Here’s my (in-progress) collation of important EA resources, organised by topic. Contributions welcome :)
Using those two different types of “should” makes your proposed sentence (“It seems that (at least) the humans who are utilitarians should commit mass suicide in order to bring the new beings into existence, because that’s what utilitarianism implies is the right action in that situation.”) unnecessarily confusing, for a couple of reasons.
1. Most moral anti-realists don’t use “epistemic should” when talking about morality. Instead, I claim, they use my definition of moral should: “X should do Y means that I endorse/prefer some moral theory T and T endorses X doing Y”. (We can test this by asking anti-realists who don’t subscribe to negative utilitarianism whether a negative utilitarian should destroy the universe—I predict they will either say “no” or argue that the question is ambiguous.) And so introducing “epistemic should” makes moral talk more difficult.

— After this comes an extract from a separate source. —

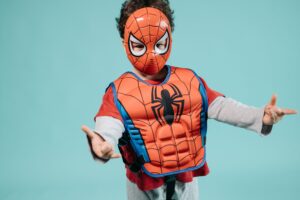 Child wearing a Spiderman costume and mask striking a playful superhero pose in a studio setting.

2. Moral realists who are utilitarians and use “moral should” would agree with your proposed sentence, and moral anti-realists who aren’t utilitarians and use “epistemic should” would also agree with your sentence, but for two totally different reasons. This makes follow-up discussions much more difficult.
How about “Utilitarianism endorses humans voluntarily replacing themselves with these new beings.” That gets rid of (most of) the contractarianism. I don’t think there’s any clean, elegant phrasing which then rules out the moral uncertainty in a way that’s satisfactory to both realists and anti-realists, unfortunately—because realists and anti-realists disagree on whether, if you prefer/endorse a theory, that makes it rational for you to act on that theory. (In other words, I don’t know whether moral realists have terminology which distinguishes between people who act on false theories that they currently endorse, versus people who act on false theories they currently don’t endorse).

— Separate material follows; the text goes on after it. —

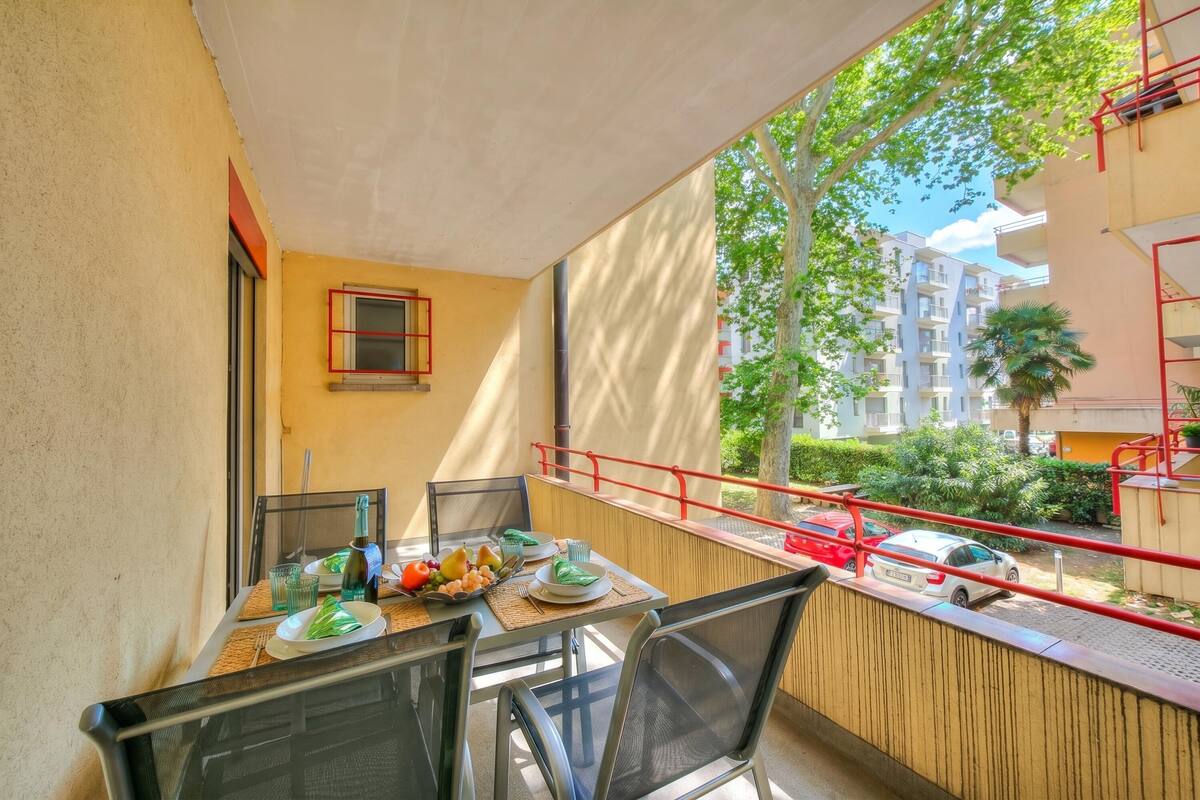 Un balcón con una mesa de comedor para dos personas, sillas y barandilla roja.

I originally wrote a different response to Wei’s comment, but it wasn’t direct enough. I’m copying the first part here since it may be helpful in explaining what I mean by “moral preferences” vs “personal preferences”:
Each person has a range of preferences, which it’s often convenient to break down into “moral preferences” and “personal preferences”. This isn’t always a clear distinction, but the main differences:
1. Moral preferences are much more universalisable and less person-specific (e.g. “I prefer that people aren’t killed” vs “I prefer that I’m not killed”).
2. Moral preferences are associated with a meta-preference that everyone has the same moral preferences. This is why we feel so strongly that we need to find a shared moral “truth”. Fortunately, most people are in agreement in our societies on the most basic moral questions.

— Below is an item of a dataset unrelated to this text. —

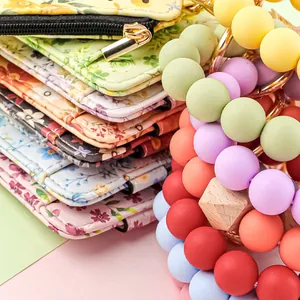Close-up of floral leather card holders with colorful silicone bead wristlet keychains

3. Moral preferences are associated with a meta-preference that they are consistent, simple, and actionable. This is why we feel so strongly that we need to find coherent moral theories rather than just following our intuitions.
4. Moral preferences are usually phrased as “X is right/wrong” and “people should do right and not do wrong” rather than “I prefer X”. This often misleads people into thinking that their moral preferences are just pointers to some aspect of reality, the “objective moral truth”, which is what people “objectively should do”.
When we reflect on our moral preferences and try to make them more consistent and actionable, we often end up condensing our initial moral preferences (aka moral intuitions) into moral theories like utilitarianism. Note that we could do this for other preferences as well (e.g. “my theory of food is that I prefer things which have more salt than sugar”) but because I don’t have strong meta-preferences about my food preferences, I don’t bother doing so.
The relationship between moral preferences and personal preferences can be quite complicated. People act on both, but often have a meta-preference to pay more attention to their moral preferences than they currently do. I’d count someone as a utilitarian if they have moral preferences that favour utilitarianism, and these are a non-negligible component of their overall preferences.
My first objection is that you’re using a different form of “should” than what is standard. My preferred interpretation of “X should do Y” is that it’s equivalent to “I endorse some moral theory T and T endorses X doing Y”. (Or “according to utilitarianism, X should do Y” is more simply equivalent to “utilitarianism endorses X doing Y”). In this case, “should” feels like it’s saying something morally normative.
Whereas you seem to be using “should” as in “a person who has a preference X should act on X”. In this case, should feels like it’s saying something epistemically normative. You may think these are the same thing, but I don’t, and either way it’s confusing to build that assumption into our language. I’d prefer to replace this latter meaning of “should” with “it is rational to”. So then we get:
“it is rational for humans who are utilitarians to commit mass suicide in order to bring the new beings into existence, because that’s what utilitarianism implies is the right action.”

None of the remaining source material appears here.